A clever but drunken and dissolute barrister, redeemed by his love for a good woman. Tragically, she loves another, but that won't stop him from giving his life to save her husband from the guillotine.

It amazes me we do not see more films made from this book. We get the Scarlet Pimpernel more often than Sydney Carton, which is perhaps understandable: action fantasy beats a story of love and ultimate sacrifice.

Despite the cast of thousands, historical sweep, realistic sets and costumes and sturdy supporting cast, one thing brings this movie to life: the essential Ronald Colman. Maybe that's why we don't see new versions -- he is irreplaceable.

The depth and sensitivity of his performance is remarkable. Watch him watching Lucie. See him sitting in church with her on a snowy Christmas Eve, out of place but thinking, wondering if there is a way back. He awaits execution, afraid but undeterred. Note how he cares for the poor little seamstress who will die with him. It's a gift to him: having someone to care for takes his mind off of his own trouble. That's a thought.
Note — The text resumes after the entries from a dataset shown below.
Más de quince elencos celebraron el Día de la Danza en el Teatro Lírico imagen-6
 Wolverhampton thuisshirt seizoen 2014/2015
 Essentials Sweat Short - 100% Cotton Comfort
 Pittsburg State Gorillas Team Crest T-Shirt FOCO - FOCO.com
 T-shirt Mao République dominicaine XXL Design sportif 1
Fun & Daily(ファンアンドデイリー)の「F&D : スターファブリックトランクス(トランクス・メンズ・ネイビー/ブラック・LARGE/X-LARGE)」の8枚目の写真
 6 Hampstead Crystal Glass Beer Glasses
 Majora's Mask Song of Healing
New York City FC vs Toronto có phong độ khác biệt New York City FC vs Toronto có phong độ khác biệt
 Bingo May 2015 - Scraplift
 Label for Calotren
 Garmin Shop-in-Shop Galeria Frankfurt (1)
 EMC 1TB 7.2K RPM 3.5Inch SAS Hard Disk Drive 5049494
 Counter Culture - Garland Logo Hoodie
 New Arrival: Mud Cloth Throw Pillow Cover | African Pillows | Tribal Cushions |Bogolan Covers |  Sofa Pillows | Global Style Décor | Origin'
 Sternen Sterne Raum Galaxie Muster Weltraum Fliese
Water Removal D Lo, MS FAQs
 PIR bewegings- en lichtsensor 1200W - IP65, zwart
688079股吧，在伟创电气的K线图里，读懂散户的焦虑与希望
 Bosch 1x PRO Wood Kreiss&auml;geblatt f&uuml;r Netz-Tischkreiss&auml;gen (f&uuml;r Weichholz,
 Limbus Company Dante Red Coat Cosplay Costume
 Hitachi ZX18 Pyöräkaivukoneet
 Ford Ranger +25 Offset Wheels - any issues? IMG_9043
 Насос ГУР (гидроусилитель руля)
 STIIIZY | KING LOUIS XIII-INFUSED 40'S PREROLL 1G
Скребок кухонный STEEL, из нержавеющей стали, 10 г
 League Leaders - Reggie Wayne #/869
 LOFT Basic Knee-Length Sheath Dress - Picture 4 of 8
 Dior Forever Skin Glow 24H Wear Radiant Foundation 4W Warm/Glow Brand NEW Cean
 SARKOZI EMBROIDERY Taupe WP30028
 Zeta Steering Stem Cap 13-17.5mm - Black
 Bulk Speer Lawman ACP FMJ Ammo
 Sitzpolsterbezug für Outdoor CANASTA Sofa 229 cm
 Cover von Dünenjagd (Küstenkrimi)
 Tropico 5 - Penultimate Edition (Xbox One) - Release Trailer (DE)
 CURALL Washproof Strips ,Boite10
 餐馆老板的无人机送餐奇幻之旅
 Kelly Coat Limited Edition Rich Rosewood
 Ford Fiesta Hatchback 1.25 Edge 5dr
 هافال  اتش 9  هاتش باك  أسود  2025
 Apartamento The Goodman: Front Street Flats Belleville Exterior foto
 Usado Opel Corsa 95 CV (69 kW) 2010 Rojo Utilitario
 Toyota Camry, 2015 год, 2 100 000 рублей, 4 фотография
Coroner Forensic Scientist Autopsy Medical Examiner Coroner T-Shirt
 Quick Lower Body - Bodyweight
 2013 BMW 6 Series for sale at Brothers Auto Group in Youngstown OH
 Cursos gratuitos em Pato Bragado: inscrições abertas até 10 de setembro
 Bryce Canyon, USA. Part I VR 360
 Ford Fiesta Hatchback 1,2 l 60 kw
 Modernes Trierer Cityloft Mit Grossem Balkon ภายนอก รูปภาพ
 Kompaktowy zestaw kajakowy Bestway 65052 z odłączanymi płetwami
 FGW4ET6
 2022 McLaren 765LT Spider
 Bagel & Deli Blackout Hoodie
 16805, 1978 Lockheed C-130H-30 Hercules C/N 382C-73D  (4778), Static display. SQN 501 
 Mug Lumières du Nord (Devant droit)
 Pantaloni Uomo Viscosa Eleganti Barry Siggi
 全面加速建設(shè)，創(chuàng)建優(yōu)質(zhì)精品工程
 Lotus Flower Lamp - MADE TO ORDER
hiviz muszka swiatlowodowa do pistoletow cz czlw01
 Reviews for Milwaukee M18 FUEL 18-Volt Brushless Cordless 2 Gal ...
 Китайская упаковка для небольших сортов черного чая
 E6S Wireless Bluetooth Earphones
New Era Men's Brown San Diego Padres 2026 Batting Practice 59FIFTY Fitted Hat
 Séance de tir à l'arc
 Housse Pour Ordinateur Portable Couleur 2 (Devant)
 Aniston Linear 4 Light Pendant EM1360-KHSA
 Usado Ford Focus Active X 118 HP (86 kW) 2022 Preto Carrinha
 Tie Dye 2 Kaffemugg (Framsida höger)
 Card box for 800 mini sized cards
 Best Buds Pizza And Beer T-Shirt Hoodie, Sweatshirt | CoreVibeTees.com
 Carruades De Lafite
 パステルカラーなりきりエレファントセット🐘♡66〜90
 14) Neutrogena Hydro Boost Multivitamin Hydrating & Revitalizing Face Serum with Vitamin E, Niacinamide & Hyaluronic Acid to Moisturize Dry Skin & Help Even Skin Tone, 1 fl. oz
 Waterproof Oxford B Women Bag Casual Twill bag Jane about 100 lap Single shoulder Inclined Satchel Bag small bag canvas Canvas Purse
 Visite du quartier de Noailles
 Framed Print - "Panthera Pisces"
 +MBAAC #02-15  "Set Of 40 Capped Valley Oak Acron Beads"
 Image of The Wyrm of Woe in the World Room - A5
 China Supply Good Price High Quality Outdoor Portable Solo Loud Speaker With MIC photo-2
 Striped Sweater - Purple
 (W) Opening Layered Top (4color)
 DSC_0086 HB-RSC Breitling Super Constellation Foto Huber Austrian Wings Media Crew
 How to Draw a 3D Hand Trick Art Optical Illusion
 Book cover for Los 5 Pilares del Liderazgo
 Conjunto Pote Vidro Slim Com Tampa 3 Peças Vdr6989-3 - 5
Dickens shows us the horrors of the extremes: first of the callous brutality and injustice of the Ancien Régime, but then of the revolutionary mass bloodletting of The Terror. (Yes, that is what its members called the new regime). And what, by comparison, would occupy the safe, sensible center? Why, that would be England: stuffy and muddling through, but basically decent and never going too far wrong.

Only in Dickens: one of the English characters is a comical grave robber. Basil Rathbone is an eminently stabbable aristocrat. Fritz Leiber, father of the SF/fantasy writer, is his assassin. Horsey Edna May Oliver pits English rectitude and gumption against the insane revolutionary zeal of Madame DeFarge, would-be child killer.

The lighting and shadows seem better here than in other films of the era.

Val Lewton and Jacques Tourneur are both credited as "arranger: revolutionary sequences". How true.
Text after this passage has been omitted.